Barns-Graham graduated from Edinburgh College of Art in 1937, and in 1940 moved to St Ives, Cornwall where she developed close relationships within a milieu of artists-Ben Nicholson and Bernard Leach became her close friends. From 1960 onwards she split her time between St Ives, Cornwall and St Andrews, Fife, often referring to the 'close affinity between the two Celtic atmospheres' of her two spiritual homes.
[1] Her practice was deeply impacted by place and in an oeuvre spanning seven decades, her works were consistently rooted in an exploration of nature, particularly its hidden structures and elemental forces. Barns-Graham's stimulus for making often came from the landscapes she explored, travelling frequently - including to volcanic areas of Lanzarote, clay formations of Tuscany, and the beaches of Orkney.

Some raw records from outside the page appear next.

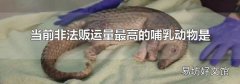當前非法販運量最高的哺乳動物是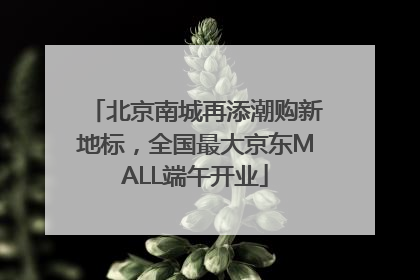 北京南城再添潮购新地标，全国最大京东MALL端午开业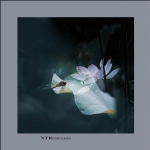 清水芙蓉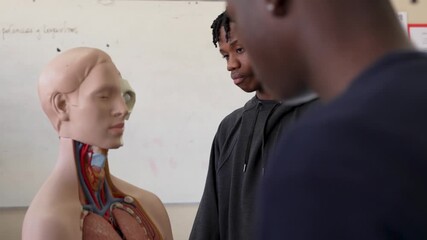 Young african american students interacting with a human body model during a biology lesson at school - Powered by Adobe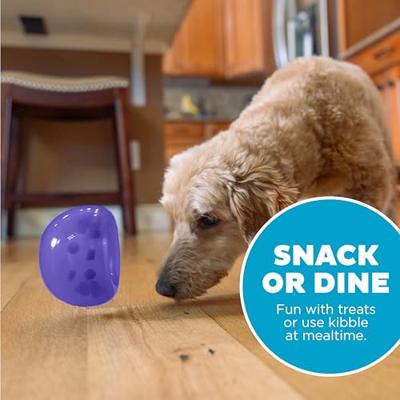 Outward Hound Orbee-Tuff Snoop M Paars
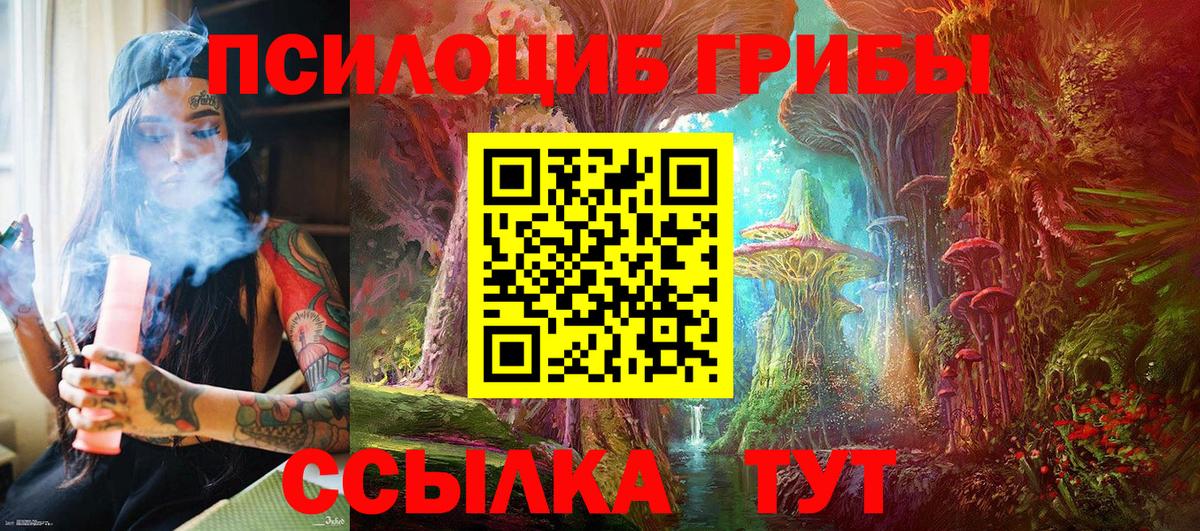 Галлюциногенные грибы мицелий Щёлково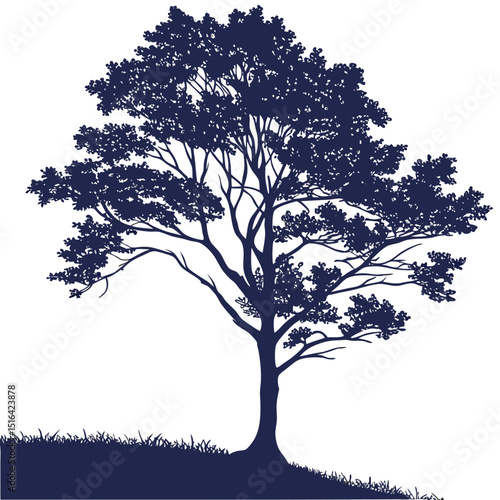 vector hazel silhouette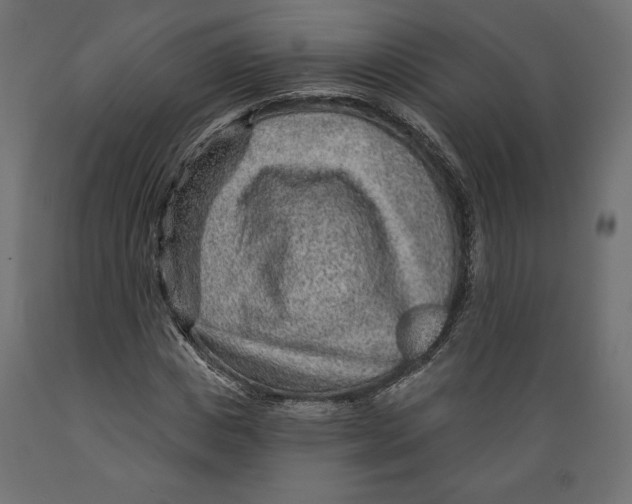 X0000088870825200707061345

Primarily a painter, Barns-Graham developed her own abstract vocabulary of distinctive line, form and colour through a physical and conceptual engagement with nature. Her earlier representational work became distilled abstract forms, through direct observational drawings and watercolour. She increasingly drew on feeling, memory, sensation and the emotional properties of colour through continuous experimentation, with motifs in her visual language developing from the structures and tensions in geomorphological aspects of landscape.
In 1949, Barns-Graham visited the Grindelwald Glacier in Switzerland, which would prove to be a pivotal moment in her career, embarking on a series of paintings which she would thematically return to in later years to come. The Glaciers paintings transformed her understanding of nature, absorbing theories of natural geometries and realising a constant state of flux of the natural world. In her work, elements of the landscape became increasingly abstracted, looking to the constructivist principles of Naum Gabo in his exploration of an exterior and interior space.
Continuing to explore elemental changes and nature in motion, from the mid- 1970s onwards she made numerous iconic line drawings describing sea and wind moving across the sand. Pulsating lines echo the sound of crashing water meeting the shore. This vitality and reverie of visual movement is reflected in a significant body of paintings known as Things of Kind: Order and Disorder (1963-1973), comprising geometric squares and circles in playful compositions. The series, Expanding Forms (1979-1983) continued this dynamic expression leading to her final decade defined by the Scorpio Series, where the dynamics of colour, form and movement underpin her thinking.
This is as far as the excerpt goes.